The garage man toppled. Revolver fire broke from both ends of the street. There was no responding shot. Instead, the hastening crooks heard the strident sound of a taunting laugh. Swerving, The Shadow picked an opening by an old theater and cut through, bound for the next street.

While police were surging through the zone of doom, the eyes of those who had escaped The Shadow’s onslaught were turning upward toward the beacon. As he had announced to Joe Cardona, Felix Tressler was ready with another signal. The entire sign was blinking. This was the assembly call.

Dodging crooks took to cover while the police were finding those who had fallen. Skulkers were on their way. The window demonstrator — the restaurant cashier — all the unscathed minions of Felix Tressler were gathering toward a common goal.


CLIFF MARSLAND, seated in his coupe outside the Hotel Delavan, was quietly listening to the shrill blasts of whistles that were coming toward this spot. Suddenly, he saw a figure emerge from beyond a building. It was that of a stoop-shouldered man, whose face showed pale as he approached the entrance to the hotel.

An arm swung in a sweeping circle. Cliff Marsland slipped from behind the wheel. He picked up a suitcase that lay beside him. He walked across the street toward the hotel, just as the false Channing Rightwood was entering the door.

Clyde Burke saw the tall figure enter. He observed Cliff Marsland close behind. He dropped the newspaper that he was reading. An elevator was standing with open door, empty except for the operator. The three passengers entered it. The one who looked like Channing Rightwood spoke as the operator closed the door.

“To the penthouse,” was his order.

“Can’t take you there,” retorted the operator. “It’s against my orders—”

Long hands caught the operator. The man slumped to the floor as The Shadow’s grip pressed firmly behind the fellow’s neck. The Shadow stooped and opened the bag that Cliff Marsland had laid on the floor. Black cloth showed within.

Clyde Burke was seizing the control. He pressed the button for the penthouse and turned off the light, just as Cliff Marsland bundled up the operator and packed him in a corner. The car shot upward amid darkness. A swishing sound occurred as The Shadow removed garments from the bag. Then came the clank of metal.

The elevator stopped. There was a pause. Gloved hands pressed against the barrier. Inch by inch, the doors opened. They spread wider. A strange, vague form moved through the opening. The doors closed.

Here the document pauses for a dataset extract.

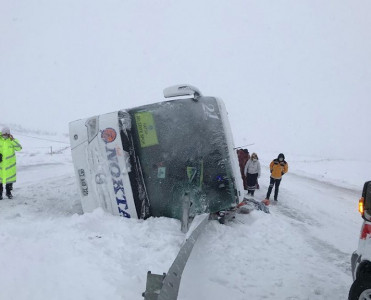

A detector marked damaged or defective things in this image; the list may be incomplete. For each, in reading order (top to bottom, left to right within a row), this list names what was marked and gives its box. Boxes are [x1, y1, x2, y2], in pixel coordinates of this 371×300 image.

overturned white bus [69, 84, 244, 223]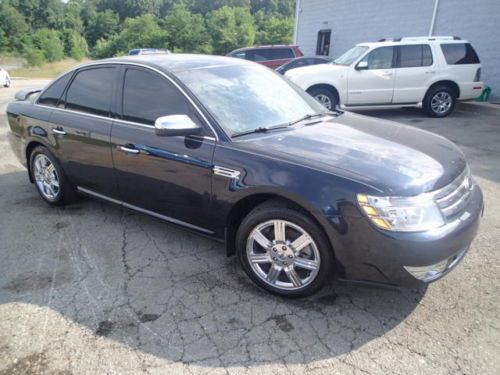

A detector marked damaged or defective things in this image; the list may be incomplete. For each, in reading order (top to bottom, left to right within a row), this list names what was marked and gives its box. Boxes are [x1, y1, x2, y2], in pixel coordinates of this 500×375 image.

cracked asphalt [0, 81, 498, 374]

Clyde Burke pressed the light switch. He grinned. The operator lay blinking on the floor. Cliff Marsland was watching him. The bag was empty. Clyde pressed the button to drop the car to the lobby.

The Shadow’s agents had been in readiness. With swift precision they had obeyed when their chief had arrived guised as Channing Rightwood. They had taken a tall, stoop-shouldered person aboard the car. They had let another type of being off at the penthouse.

No longer playing the part of Channing Rightwood, The Shadow, garbed in his black cloak and slouch hat, had ventured alone into the realm where crime had been fostered. Again The Shadow, he had found the center point in the circle of death!